The top-secret Wolfe Project, named for Brigadier General Kenneth B. Wolfe who would become the 500th Bomb Group’s first Commander on Saipan, was being unveiled by General Wolfe himself at Smoky Hill Army Air Field, Salina, Kansas to an elite group of 200 selected pilots.
“Gentlemen, you’ve been picked personally by General Henry H. Arnold, Chief of the Army Air Corp, because of your experience, prior training, education and being in the top 10% of your graduating class,” Lt. Homer Bourland recalls Wolfe’s welcoming speech.
The 200 pilots were introduced to the newest weapon system the Army Air Corp was developing, the B-29, the next generation of long range bombers. It would be BIG (141-foot wingspan, length nearly 100 feet and a tail that stood 3-stories tall). With a full load the B-29 would weigh 70 tons. The plane was so costly (approximately one Million Dollars each – a great deal of money in the 1940’s) and so sophisticated that the crew was assigned three pilots and every crew member would be dual rated to take another crew member’s job in the event of injury or incapacity.
NO B-29’S TO BE FOUND. The B-29’s were still on the production line in Seattle, WA when the first crews were gathered in Kansas. Classroom theory was taught by trainers rounded up from the only source then available, Pan American Airways flight crews who had China Clipper experience.

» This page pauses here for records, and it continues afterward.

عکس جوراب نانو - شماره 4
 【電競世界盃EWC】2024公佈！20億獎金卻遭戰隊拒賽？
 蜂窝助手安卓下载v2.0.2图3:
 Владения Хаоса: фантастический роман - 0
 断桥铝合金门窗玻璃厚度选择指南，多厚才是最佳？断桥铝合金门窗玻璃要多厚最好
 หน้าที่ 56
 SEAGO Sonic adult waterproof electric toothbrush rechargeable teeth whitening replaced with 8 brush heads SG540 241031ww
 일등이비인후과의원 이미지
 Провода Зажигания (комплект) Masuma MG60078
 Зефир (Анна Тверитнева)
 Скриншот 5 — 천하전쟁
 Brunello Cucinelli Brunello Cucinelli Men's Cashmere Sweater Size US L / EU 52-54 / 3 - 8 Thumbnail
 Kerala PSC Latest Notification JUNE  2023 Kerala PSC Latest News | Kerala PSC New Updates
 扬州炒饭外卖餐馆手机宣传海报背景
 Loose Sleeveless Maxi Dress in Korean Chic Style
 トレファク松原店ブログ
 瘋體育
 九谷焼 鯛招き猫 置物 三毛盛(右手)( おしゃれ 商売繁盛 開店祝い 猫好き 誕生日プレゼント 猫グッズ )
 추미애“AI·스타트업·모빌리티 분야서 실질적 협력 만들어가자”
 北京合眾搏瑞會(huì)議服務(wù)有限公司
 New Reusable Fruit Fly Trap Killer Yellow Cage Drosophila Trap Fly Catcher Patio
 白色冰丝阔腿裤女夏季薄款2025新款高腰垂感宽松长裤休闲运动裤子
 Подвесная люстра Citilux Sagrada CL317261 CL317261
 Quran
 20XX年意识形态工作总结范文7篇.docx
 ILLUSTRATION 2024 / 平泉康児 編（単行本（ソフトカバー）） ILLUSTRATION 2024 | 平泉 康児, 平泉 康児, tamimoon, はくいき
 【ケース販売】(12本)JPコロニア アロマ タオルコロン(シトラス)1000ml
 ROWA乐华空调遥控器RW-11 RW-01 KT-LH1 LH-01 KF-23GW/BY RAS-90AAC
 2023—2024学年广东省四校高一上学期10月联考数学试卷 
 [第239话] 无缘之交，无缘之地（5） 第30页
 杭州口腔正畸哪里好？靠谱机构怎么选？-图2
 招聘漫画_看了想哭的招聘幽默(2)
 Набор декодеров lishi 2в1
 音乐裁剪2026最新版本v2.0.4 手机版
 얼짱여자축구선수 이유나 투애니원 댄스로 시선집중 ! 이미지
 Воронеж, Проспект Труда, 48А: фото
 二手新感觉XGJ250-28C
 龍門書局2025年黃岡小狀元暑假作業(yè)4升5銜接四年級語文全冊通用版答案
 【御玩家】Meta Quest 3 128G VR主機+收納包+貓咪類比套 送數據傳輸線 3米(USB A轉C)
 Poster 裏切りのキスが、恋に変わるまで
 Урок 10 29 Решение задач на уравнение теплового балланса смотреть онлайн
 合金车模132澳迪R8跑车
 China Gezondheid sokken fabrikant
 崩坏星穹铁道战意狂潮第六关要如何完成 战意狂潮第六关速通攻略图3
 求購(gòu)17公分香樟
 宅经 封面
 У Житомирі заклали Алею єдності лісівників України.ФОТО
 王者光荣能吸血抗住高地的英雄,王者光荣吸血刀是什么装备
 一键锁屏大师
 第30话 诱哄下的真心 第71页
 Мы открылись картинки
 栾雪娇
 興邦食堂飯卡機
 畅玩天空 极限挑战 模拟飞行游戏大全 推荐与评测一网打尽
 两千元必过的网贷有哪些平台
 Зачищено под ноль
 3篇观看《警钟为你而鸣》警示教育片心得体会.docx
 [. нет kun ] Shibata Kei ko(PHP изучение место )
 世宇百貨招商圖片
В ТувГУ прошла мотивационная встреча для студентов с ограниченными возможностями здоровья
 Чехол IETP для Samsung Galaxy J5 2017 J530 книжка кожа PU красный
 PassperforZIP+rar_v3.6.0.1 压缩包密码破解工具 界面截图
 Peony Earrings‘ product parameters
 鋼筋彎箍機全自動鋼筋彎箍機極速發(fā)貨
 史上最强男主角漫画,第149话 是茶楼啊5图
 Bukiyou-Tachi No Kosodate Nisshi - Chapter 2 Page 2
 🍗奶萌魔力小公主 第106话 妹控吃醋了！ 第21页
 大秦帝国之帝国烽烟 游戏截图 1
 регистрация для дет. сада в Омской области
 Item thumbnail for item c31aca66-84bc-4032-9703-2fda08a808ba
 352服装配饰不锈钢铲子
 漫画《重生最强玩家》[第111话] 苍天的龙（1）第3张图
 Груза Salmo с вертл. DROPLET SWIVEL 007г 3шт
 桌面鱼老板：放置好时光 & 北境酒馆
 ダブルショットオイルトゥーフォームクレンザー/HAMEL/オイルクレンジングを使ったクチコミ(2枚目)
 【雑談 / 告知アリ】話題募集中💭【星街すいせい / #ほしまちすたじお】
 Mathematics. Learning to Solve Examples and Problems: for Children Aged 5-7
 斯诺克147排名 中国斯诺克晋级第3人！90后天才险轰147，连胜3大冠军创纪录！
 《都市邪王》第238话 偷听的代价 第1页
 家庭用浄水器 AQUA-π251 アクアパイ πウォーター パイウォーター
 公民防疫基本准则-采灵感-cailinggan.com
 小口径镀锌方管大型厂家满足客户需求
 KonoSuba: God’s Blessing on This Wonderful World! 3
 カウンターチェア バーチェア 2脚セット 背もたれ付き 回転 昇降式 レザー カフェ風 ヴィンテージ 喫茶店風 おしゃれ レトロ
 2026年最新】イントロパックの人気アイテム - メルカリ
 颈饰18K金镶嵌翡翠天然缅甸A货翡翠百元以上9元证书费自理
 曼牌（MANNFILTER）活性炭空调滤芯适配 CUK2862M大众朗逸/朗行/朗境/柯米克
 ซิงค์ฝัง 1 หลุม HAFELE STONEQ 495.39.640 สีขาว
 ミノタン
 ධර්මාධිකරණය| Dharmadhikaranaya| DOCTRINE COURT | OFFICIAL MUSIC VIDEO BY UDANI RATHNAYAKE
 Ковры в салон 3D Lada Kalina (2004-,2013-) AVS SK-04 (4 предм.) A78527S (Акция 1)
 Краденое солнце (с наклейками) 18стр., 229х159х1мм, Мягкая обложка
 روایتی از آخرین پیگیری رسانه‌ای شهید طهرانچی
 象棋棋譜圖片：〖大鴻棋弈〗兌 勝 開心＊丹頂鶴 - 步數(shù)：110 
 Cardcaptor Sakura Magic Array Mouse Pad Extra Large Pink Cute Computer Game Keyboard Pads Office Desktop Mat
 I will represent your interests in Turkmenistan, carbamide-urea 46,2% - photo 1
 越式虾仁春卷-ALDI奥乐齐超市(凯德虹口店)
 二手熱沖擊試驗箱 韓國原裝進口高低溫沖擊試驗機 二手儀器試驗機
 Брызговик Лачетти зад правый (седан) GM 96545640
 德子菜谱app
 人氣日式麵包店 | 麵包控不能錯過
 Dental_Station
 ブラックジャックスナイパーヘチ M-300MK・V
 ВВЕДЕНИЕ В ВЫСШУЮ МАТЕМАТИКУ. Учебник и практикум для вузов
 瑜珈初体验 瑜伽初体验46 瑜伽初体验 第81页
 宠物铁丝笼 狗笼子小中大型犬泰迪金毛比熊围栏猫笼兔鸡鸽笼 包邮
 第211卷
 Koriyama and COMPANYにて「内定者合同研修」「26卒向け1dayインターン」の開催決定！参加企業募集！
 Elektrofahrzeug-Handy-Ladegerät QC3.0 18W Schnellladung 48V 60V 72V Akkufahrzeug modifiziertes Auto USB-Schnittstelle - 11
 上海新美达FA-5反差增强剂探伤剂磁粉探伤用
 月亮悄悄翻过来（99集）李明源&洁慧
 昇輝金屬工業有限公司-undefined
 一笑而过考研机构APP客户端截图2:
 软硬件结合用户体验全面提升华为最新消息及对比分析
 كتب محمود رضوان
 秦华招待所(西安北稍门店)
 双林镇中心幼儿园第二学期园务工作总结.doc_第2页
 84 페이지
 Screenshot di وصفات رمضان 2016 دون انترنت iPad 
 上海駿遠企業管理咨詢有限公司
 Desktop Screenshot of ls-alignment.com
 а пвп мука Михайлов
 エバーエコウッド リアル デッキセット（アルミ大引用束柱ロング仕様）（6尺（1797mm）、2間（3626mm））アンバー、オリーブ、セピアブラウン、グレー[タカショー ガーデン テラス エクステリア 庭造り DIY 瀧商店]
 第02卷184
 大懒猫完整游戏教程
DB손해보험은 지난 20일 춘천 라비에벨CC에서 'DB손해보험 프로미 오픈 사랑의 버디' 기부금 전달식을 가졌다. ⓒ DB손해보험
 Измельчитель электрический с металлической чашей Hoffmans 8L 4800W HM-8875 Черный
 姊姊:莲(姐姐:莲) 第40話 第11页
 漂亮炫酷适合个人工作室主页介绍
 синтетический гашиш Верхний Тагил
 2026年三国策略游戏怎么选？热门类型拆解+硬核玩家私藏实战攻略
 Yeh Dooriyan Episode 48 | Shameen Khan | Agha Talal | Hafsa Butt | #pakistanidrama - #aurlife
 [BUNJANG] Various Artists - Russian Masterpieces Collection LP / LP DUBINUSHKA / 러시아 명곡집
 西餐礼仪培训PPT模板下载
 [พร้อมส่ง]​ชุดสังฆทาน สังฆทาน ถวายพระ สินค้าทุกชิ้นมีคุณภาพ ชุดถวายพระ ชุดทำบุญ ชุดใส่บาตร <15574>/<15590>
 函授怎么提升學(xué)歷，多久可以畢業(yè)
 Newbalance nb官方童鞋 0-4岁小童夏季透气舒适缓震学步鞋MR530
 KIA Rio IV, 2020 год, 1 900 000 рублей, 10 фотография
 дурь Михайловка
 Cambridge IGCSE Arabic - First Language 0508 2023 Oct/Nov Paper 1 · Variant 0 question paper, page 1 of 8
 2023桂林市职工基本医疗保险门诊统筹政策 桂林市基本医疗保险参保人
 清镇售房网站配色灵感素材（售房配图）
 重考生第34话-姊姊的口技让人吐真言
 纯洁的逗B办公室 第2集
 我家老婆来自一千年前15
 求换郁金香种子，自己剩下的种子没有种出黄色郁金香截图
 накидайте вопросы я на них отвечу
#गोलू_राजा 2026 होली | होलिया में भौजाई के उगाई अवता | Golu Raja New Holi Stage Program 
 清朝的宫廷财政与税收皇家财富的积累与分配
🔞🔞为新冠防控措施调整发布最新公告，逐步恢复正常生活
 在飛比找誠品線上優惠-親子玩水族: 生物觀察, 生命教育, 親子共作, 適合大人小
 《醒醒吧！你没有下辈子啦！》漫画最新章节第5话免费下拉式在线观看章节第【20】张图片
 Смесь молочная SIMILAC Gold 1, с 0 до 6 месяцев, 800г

Clipper crews were flying the lonely long distances over the Pacific Ocean before the outbreak of the war.
Lt. Bourland was assigned to combat training at Great Bend, Kansas after graduating from Smoky Hill. With no completed B-29’s to fly they practiced in B-17’s and B-26’s and finally on a YB-29. To simulate the expected trips over water to Japan, they flew one long range non-stop flight from Florida to Cuba.
By August, 1944, America had been fighting in the Pacific Theater nearly three years, primarily from aircraft carrier groups. America at last was ready to escalate the attacks against the Japanese with this new weapons system: Boeing’s most advanced long-range bomber, the B-29 Super Fortress.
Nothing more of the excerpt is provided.